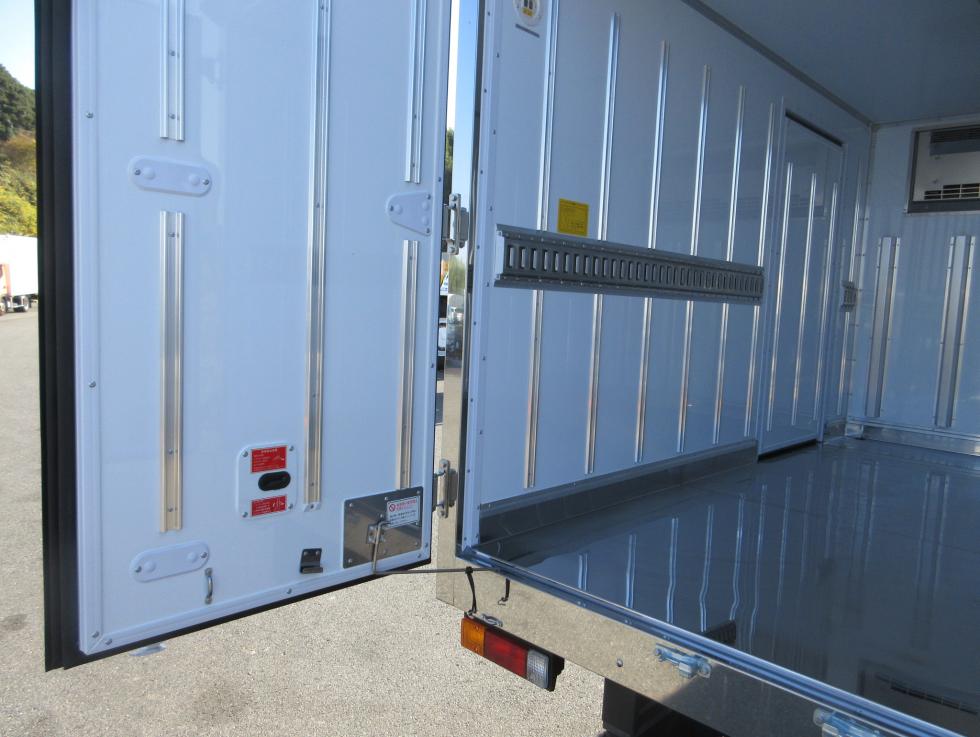 三菱 冷凍・保冷 小型  2RGーFBAV0 29枚目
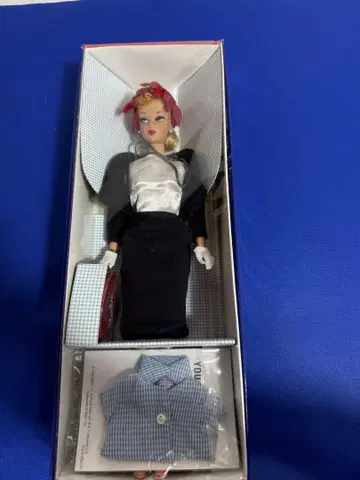 Commuter Set Barbie 인형 본체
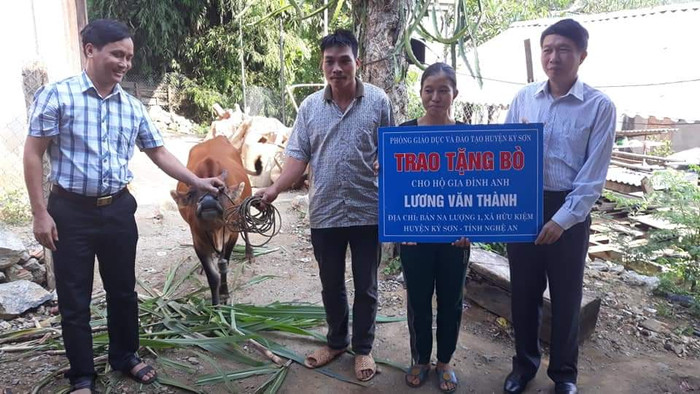 Hằng năm, giáo viên huyện Kỳ Sơn vẫn đang phải ủng hộ một ngày lương mua bò hoặc heo tặng gia đình nghèo (Ảnh CTV) Hằng năm, giáo viên huyện Kỳ Sơn vẫn đang phải ủng hộ một ngày lương mua bò hoặc heo tặng gia đình nghèo (Ảnh CTV)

**WHAT IS REQUIRED:**
Copy the listing over exactly, skipping the pictures it holds.

**TASK RESULT:**
 三菱 冷凍・保冷 小型  2RGーFBAV0 29枚目
 Commuter Set Barbie 인형 본체
 Hằng năm, giáo viên huyện Kỳ Sơn vẫn đang phải ủng hộ một ngày lương mua bò hoặc heo tặng gia đình nghèo (Ảnh CTV) Hằng năm, giáo viên huyện Kỳ Sơn vẫn đang phải ủng hộ một ngày lương mua bò hoặc heo tặng gia đình nghèo (Ảnh CTV)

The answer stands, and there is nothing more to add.